(EXERCISE INPUTS Opens)
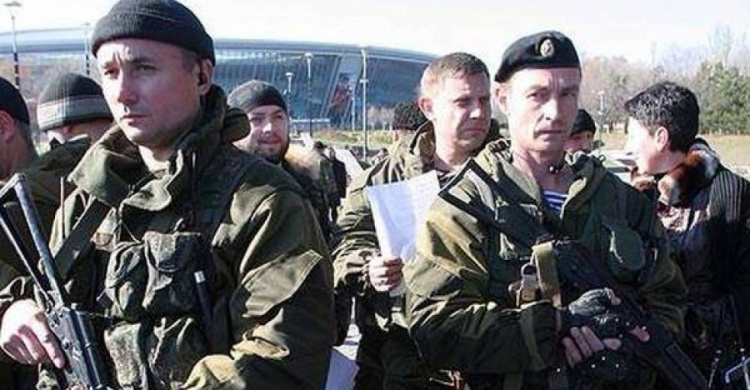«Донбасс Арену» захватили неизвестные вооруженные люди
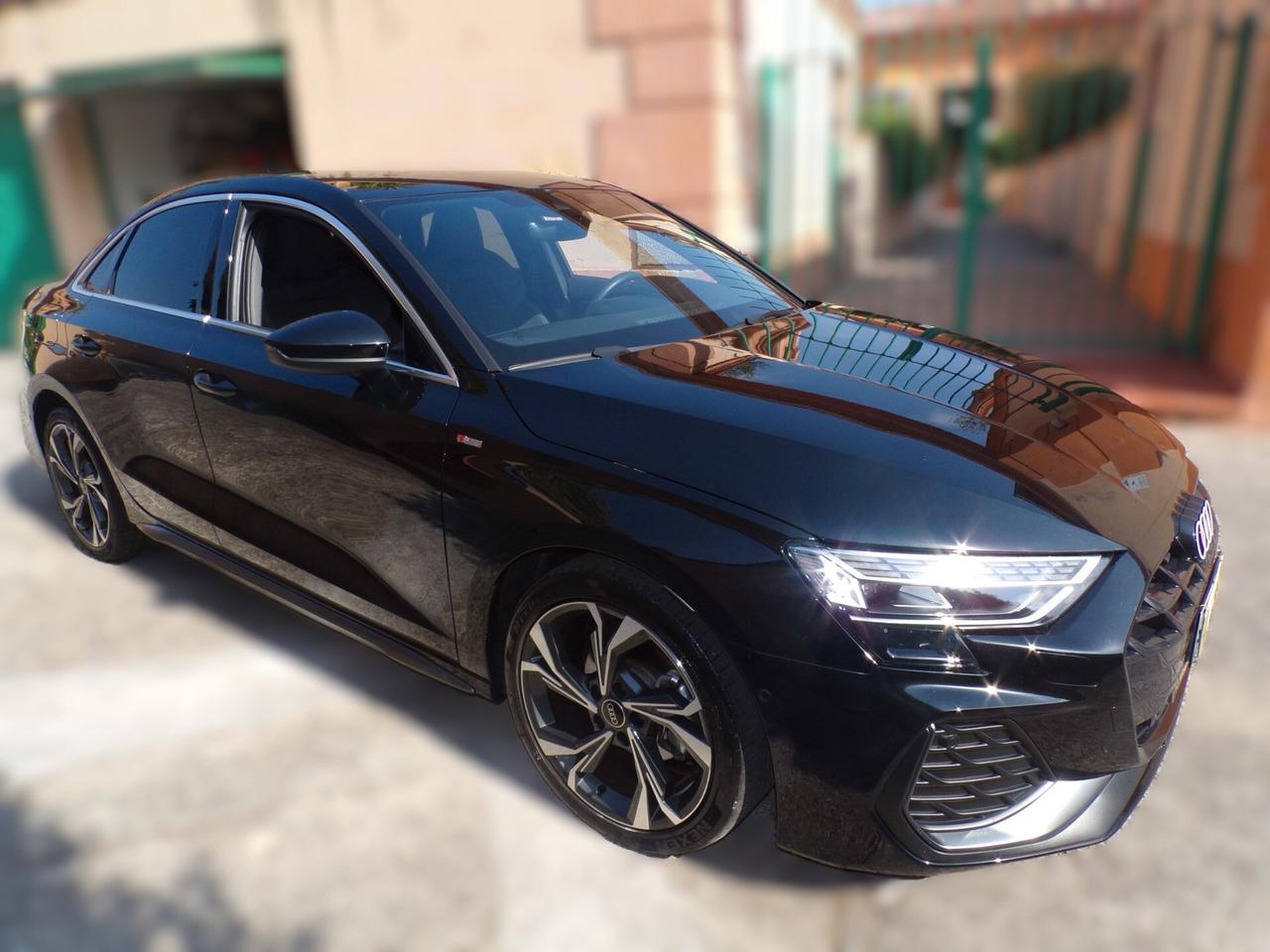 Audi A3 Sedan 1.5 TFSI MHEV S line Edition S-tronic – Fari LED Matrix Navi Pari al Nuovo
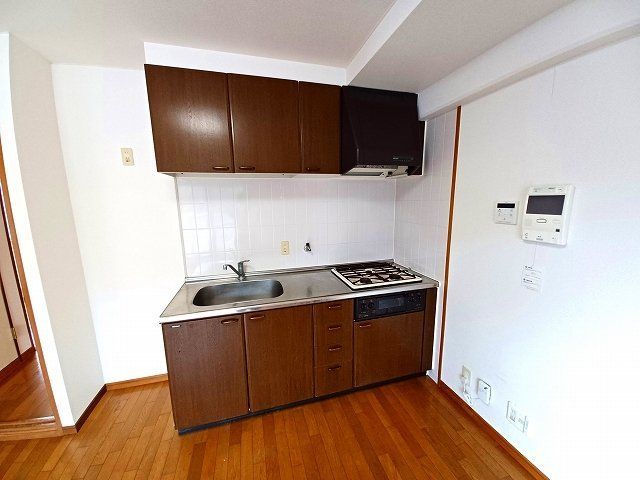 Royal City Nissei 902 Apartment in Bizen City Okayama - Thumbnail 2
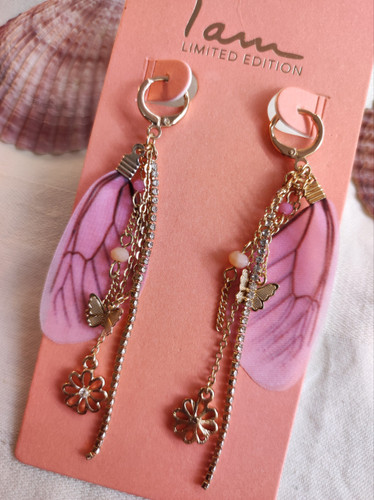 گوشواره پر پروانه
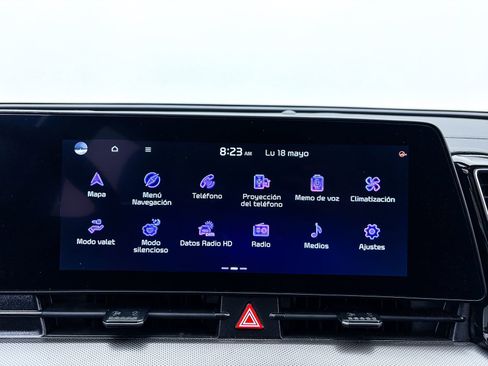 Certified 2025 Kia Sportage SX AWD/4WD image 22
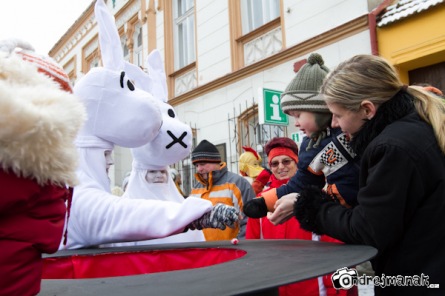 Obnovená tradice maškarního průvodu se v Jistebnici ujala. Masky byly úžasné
(EXERCISE INPUTS Closes)
## TASK STATEMENT
Print the lines from the one that contains "گوشواره پر پروانه" through the last line of the data, exactly and in full, and no other lines. Pictures are not part of the copy.

## EXERCISE RESULT
 گوشواره پر پروانه
 Certified 2025 Kia Sportage SX AWD/4WD image 22
 Obnovená tradice maškarního průvodu se v Jistebnici ujala. Masky byly úžasné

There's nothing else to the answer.